SUGGESTIONI DAL PAESAGGIO CILIENSE
di Laura Magagnin
2008
Il paesaggio è un fatto interiore,
un luogo del cuore e dell'inconoscibile,
una necessità dell'animo che si sposa
con le esigenze dell'occhio…
(Giovanni Cesca)
Il
paesaggio ciliense che si allarga in una cornice d'acqua, terra, cielo,
rivive le sue memorie nelle silenziose, solitarie architetture dove si
colgono gli echi di umane presenze.
Ecco elevarsi lo storico zuccherificio, simbolo dell'operosa volontà
del locale mondo contadino che, fortemente legato alle sue radici, ha
da sempre ricercato un equilibrio fra tradizione e innovazione,
proficuo dialogo fra l'antica sapienza della vita dei campi e la
moderna tecnologia.
Quest'edificio, luogo delle fatiche di tanti lavoratori, un tempo
animato dallo stridere di rumorosi macchinari, appare, nell'odierno
ritratto di una realtà veneta postindustriale, come un gigante,
addormentato.
Oggi che la sua attività è cessata, quest'imponente architettura si
fonde con il paesaggio e assieme ad esso diventa testimonianza della
nostra storia, della nostra identità di abitanti di luoghi intrisi
d'acqua a cui sentiamo di appartenere, perché eredi di generazioni
legate da un filo invisibile a questa terra umida.
In "Specchio d'acqua allo zuccherificio", l'imponente complesso
industriale compare in lontananza, immerso, al tramontare del sole, in
un bagno di luce che ne satura i colori e rende violenti i rapporti
cromatici all'interno della composizione: in primo piano prende la
scena una vegetazione rigogliosa tra i cui lussureggianti ciuffi
erbosi, nella calda sera estiva, si scoprono dorati baluginii.
Di fronte
all'immobilità di una polla d'acqua dai riflessi cangianti, specchio di
un cielo in cui nuotano fragili nubi, di fronte allo svettare solitario
di una muta architettura privata della sua originaria funzione, nasce
nello spettatore la percezione di trovarsi in un mondo dove il naturale
fluire del tempo si sia arrestato; non è che un attimo dal sapore di
eternità quello che l'artista ha voluto definitivamente fermare sulla
tela.
Riuscendo a cogliere e a tradurre, quindi, nel linguaggio
pittorico le delicate variazioni tonali dei cieli, i camaleontici
riflessi luminosi delle acque, le variegate cromie di una vegetazione
mutevole nel lento scorrere delle stagioni, il pittore diviene
interprete di quel lirismo che solo la natura possiede e di cui i poeti
sia della parola che del pennello si sono fatti interpreti.
E come E. Montale ne I limoni ama " le strade che riescono agli erbosi/
fossi […] , le viuzze che […] discendono tra i ciuffi delle canne […],
le gazzarre degli uccelli / […] inghiottite dall'azzurro […]", così il
nostro pittore riscopre nel silenzio che avvolge l'immagine l'eloquenza
con cui la natura parla a chi è capace di comprenderne il magico
linguaggio.
L'ineffabile alfabeto si scioglie in scenari i cui protagonisti
divengono la scura terra spaccata dalla brina invernale di "Brume sulla
campagna ciliense", le misteriose nebbie aurorali di "Quando la luce
svela la magia" e, ancora, le soffici distese erbose su cui si adagia
lo stanco Piavon di "Riflessi al Donegal".
Ecco l'altra
storica architettura che ispira in più di un'occasione Giovanni Cesca
che opta, tuttavia, come nel caso dello zuccherificio, per una
collocazione quasi ai margini della composizione.

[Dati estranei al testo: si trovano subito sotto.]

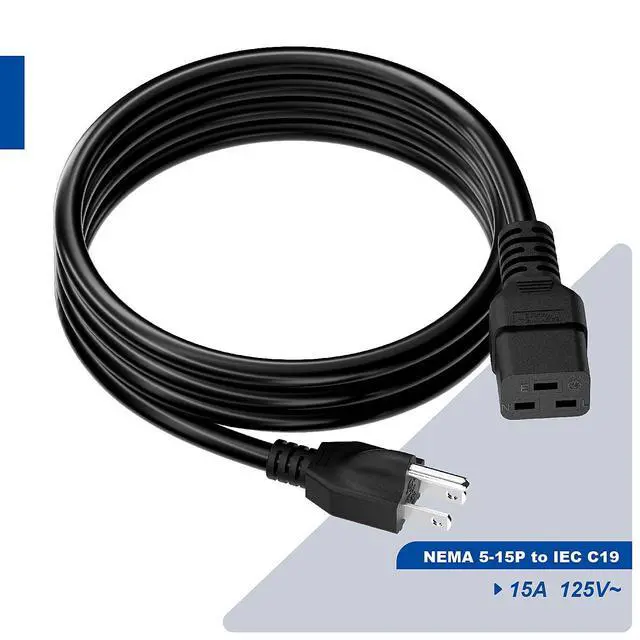 Alt view image 6 of 6 - 6Ft NEMA 5-15P to C19 UPS Power Cord, SJT 14AWG 20A 125V Heavy Duty Cable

L'abbandonato
edificio palladiano è colto da un punto di vista prospettico mai
frontale, affinché l'ortogonale geometria dell'architettura non
s'imponga con prepotenza su di una vegetazione dalle morbide e
variegate forme, dove placide acque nel loro calmo fluire descrivono
suggestive anse che la luce arricchisce di delicati riflessi.
In
"Piavon a Ceggia" l'atmosfera è fortemente pervasa da quel Realismo
Magico che tanto caratterizza l'ultima produzione del nostro pittore
dove paesaggi quotidiani divengono luoghi dell'anima.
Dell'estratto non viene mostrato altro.